During the last week of June, Facebook changed how negative feedback for apps was weighted in its automatic app spam-prevention enforcement system. For instance, an app’s wall posts being marked as spam were more likely to trigger enforcement. This caused some apps to suddenly be deleted, infuriating developers.
Facebook allowed affected developers to appeal the enforcement, and began reinstating some of the disabled apps, though others such as Game of Truth are still disabled. Being disabled, even for only a short time, negatively impacts monetization as well as user growth and retention. Some developers said they had been treated unfairly, and that there was no way of telling how much negative feedback was too much. Others wanted the ability to modify and test their apps instead of being locked out while they were suspended.

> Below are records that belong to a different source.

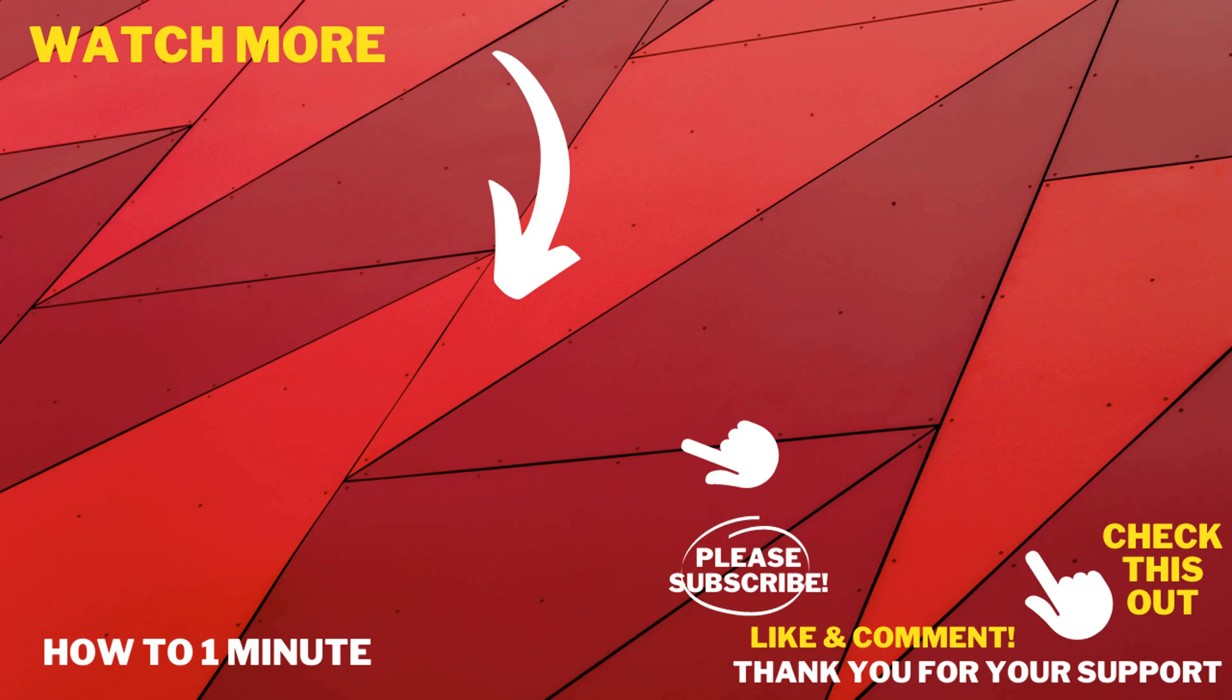So this is how we can add an alternative host in Zoom. If you want to see more Zoom videos, please check the links in the description. If this video helped you, give a thumbs up and please consider subscribing to How to One Minute. Thank you for watching.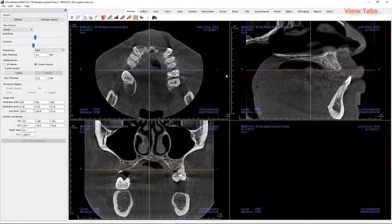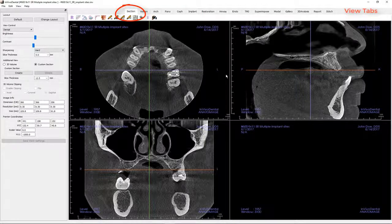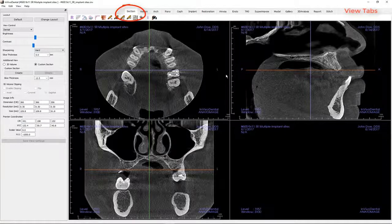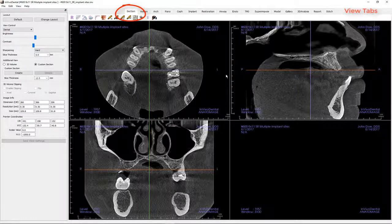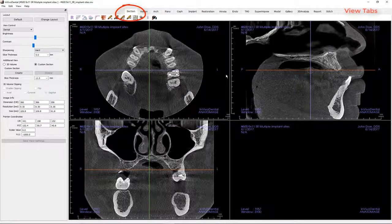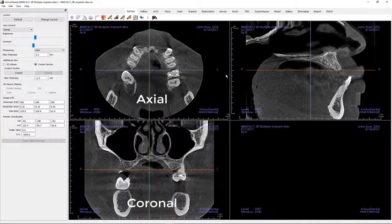View tabs allow you to perform specific tasks or look at specific areas of interest. For example, the Section View tab gives you the ability to view orthogonal planes, create custom sections for 2D visualization, and to make distance measurements within the cone beam computed tomographic volume, or CBCT volume, or within the airway.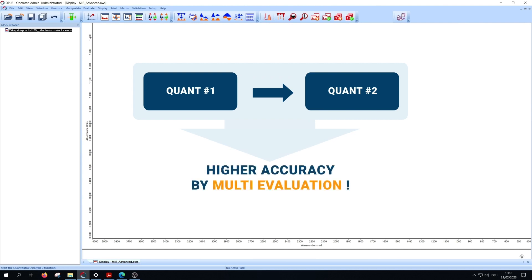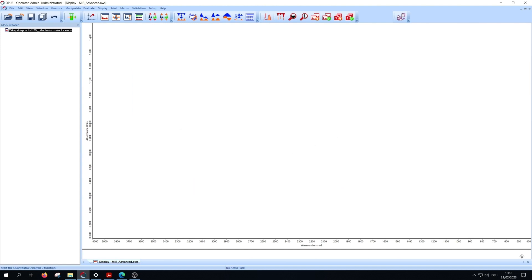This can be used if the sample gets first quantified by a method which covers a large concentration range. To improve the accuracy of the prediction of the first method, the analyzed component can be evaluated by a second QUANT2 analyzer with a more suitable concentration range.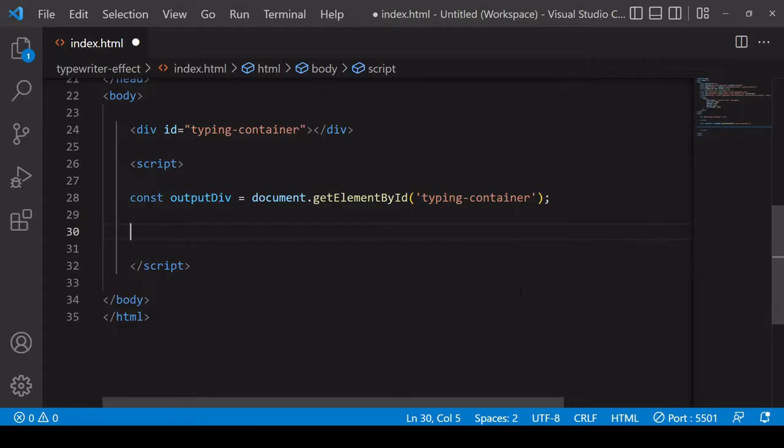To create the typing effect you just saw on screen using vanilla JavaScript, you first need to go into your markup and create an element into which you want to type your text.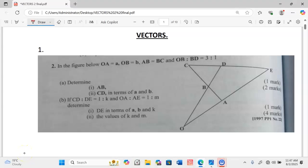Welcome back to the discussion and thank you for always joining us. This is KCAC 1997, Paper 1, question number 22, a question on vectors.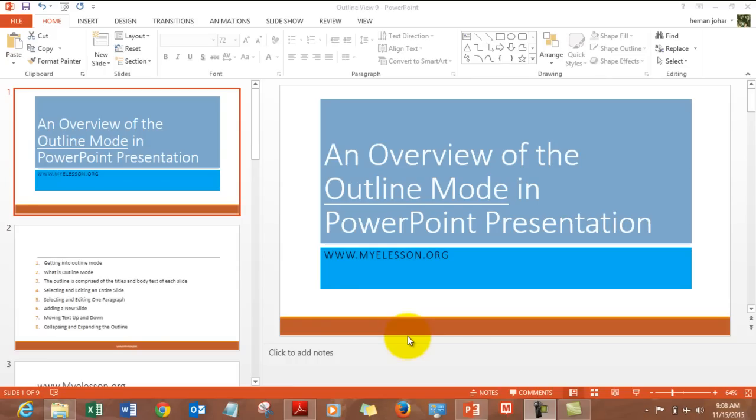Hello everybody and welcome to my e-lesson. In this video I am going to teach you a very powerful feature of PowerPoint presentation which can help you in creating your presentations in a jiffy. It's called the outline mode.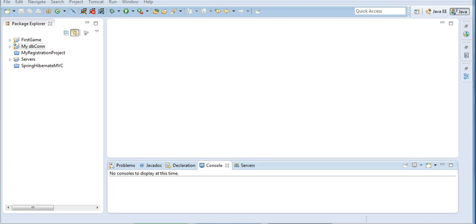Hello friends, today I am going to tell you about creating a simple scheduler where you can create a job or something which you want to execute at a regular interval.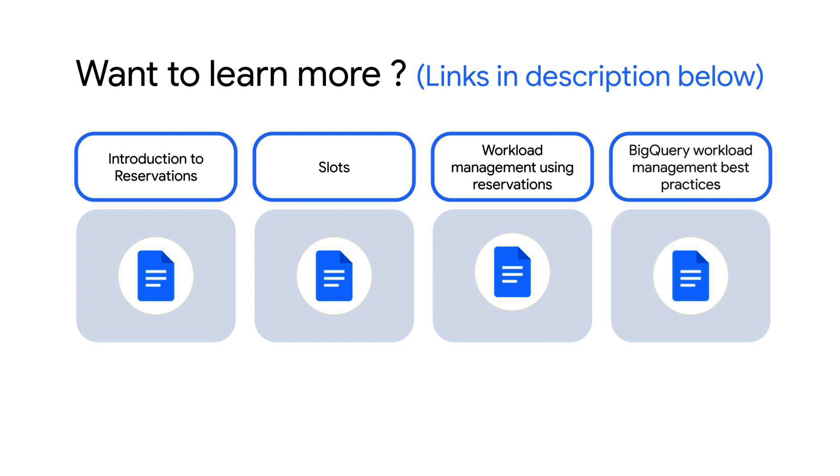To learn more about BigQuery reservation and how to manage workloads more efficiently refer to the below documentation. Thank you for watching.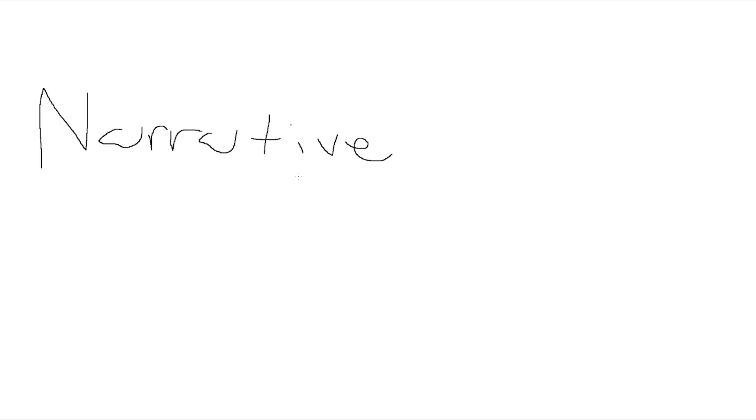On the other hand, narrative poetry is a type of poetry that tells a story. It typically has a beginning, middle, and end.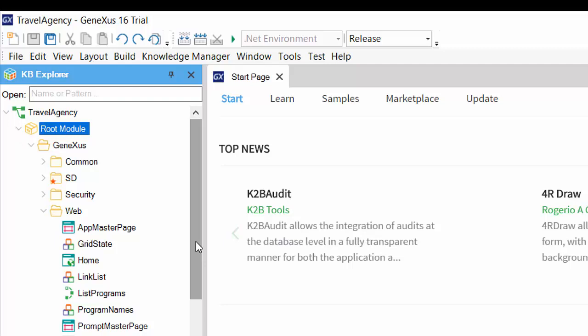Folders, on the other hand, act as containers that only help in organizing objects by separating them according to specific criteria. Along with modules, they create a hierarchical tree where the root is always a module, as in the case of the root module. We can see this in KB Explorer.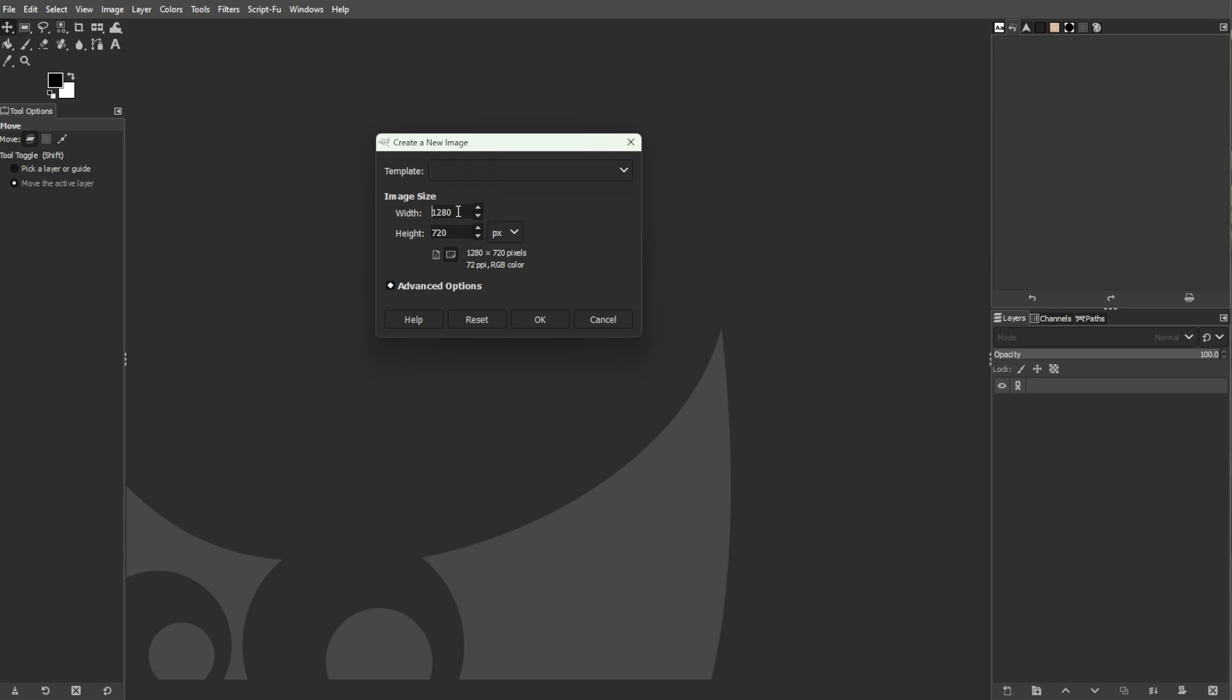Set the Width to 3.5 inches and Height to 2 inches. Then add 0.1 inch to both dimensions if you plan to have them professionally printed. Adjust the size to 3.6 inches by 2.1 inches.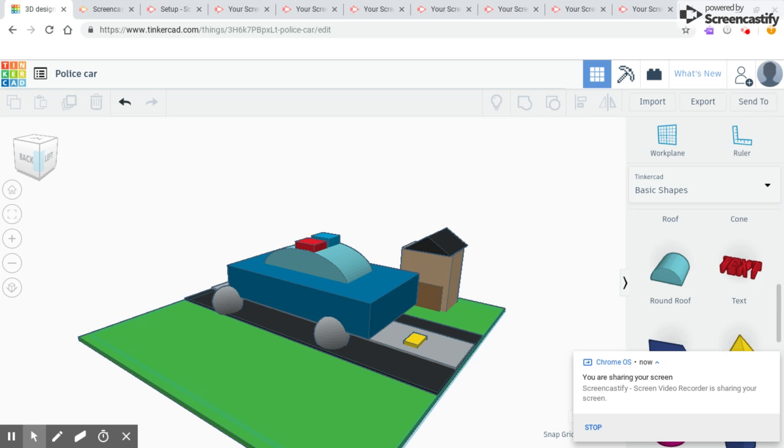For the base of my car, I stretched out a cube and made it blue.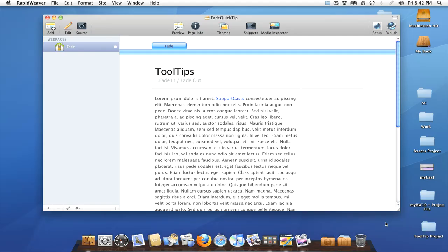Hi and welcome to this follow-up to our quick tip on tooltips. There was a question posted over at the SupportCast blog. Once we released, Dave asked if there was a way to fade in and fade out those tooltips.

A statement from Facebook today noted that “we realize that any downtime has a significant impact on both our developers and users. Many of our developers have chosen to build their businesses on top of Facebook, and we take that responsibility very seriously.” In an effort to make its enforcement system more predictable and rebuild trust with developers, it has now answered many of the requests of the affected developers with policy changes and data that should be available to all developers soon.
New Feedback Metrics in Application Insights
Developers will now see a News Feed tab in their Application Insights that displays positive and negative feedback. A spam reports per story published graph includes a benchmark in the form of green and red zones that indicates whether an app is receiving enough negative feedback to warrant enforcement. In the screenshot Facebook provides, it appears that 0.0023 spam reports per story is the threshold, though this could be different for different apps.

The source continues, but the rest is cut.